To aggregate or not to aggregate, that is the database schema design question

If you're doing min/max/avg queries, do you prefer to use aggregation tables or simply query across a range of rows in the raw table?
This is obviously a very open-ended question and there's no one right answer, so I'm just looking for people's general suggestions. Assume that the raw data table consists of a timestamp, a numeric foreign key (say a user id), and a decimal value (say a purchase amount). Furthermore, assume that there are millions of rows in the table.
I have done both and am torn. On one hand aggregation tables have given me significantly faster queries but at the cost of a proliferation of additional tables. Displaying the current values for an aggregated range either requires dropping entirely back to the raw data table or combining more fine grained aggregations. I have found that keeping track in the application code of which aggregation table to query when is more work that you'd think and that schema changes will be required, as the original aggregation ranges will invariably not be enough ("But I wanted to see our sales over the last 3 pay periods!").
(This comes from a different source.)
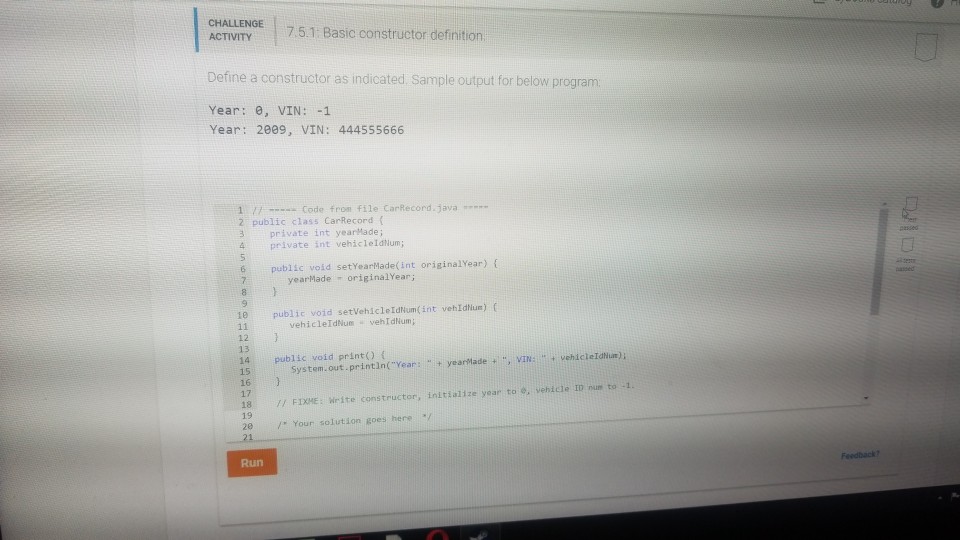  ACALVIENE 75.1: Basic constructor definition ACTIVITY Year: e, VIN: -1 Year:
On the other hand, querying from the raw data can be punishingly slow but lets me be very flexible about the data ranges. When the range bounds change, I simply change a query rather than having to rebuild aggregation tables. Likewise the application code requires fewer updates. I suspect that if I was smarter about my indexing (i.e. always having good covering indexes), I would be able to reduce the penalty of selecting from the raw data but that's by no means a panacea.
Is there anyway I can have the best of both worlds?
We had that same problem and ran into the same issues you ran into. We ended up switching our reporting to Analysis Services. There is a learning curve with MDX and Analysis services itself, but it's been great. Some of the benefits we have found are:
You have a lot of flexibility for
querying any way you want. Before we
had to build specific aggregates,
but now one cube answers all our
questions.
Storage in a cube is far smaller
than the detailed data.
Building and processing the cubes
takes less time and produces less
load on the database servers than
the aggregates did.
Some CONS:
There is a learning curve around
building cubes and learning MDX.
We had to create some tools to
automate working with the cubes.
UPDATE:
Since you're using MySql, you could take a look at Pentaho Mondrian, which is an open source OLAP solution that supports MySql. I've never used it though, so I don't know if it will work for you or not. Would be interested in knowing if it works for you though.
It helps to pick a good primary key (ie [user_id, used_date, used_time]). For a constant user_id it's then very fast to do a range-condition on used_date.
But as the table grows, you can reduce your table-size by aggregating to a table like [user_id, used_date]. For every range where the time-of-day doesn't matter you can then use that table. An other way to reduce the table-size is archiving old data that you don't (allow) querying anymore.
I always lean towards raw data. Once aggregated, you can't go back.
Nothing to do with deletion - unless there's the simplest of aggregated data sets, you can't accurately revert/transpose the data back to raw.
Ideally, I'd use a materialized view (assuming that the data can fit within the constraints) because it is effectively a table. But MySQL doesn't support them, so the next consideration would be a view with the computed columns, or a trigger to update an actual table.
Long history question, for currently, I found this useful, answered by microstrategy engineer
BTW, another already have solutions like (cube.dev/dremio) you don't have to do by yourself.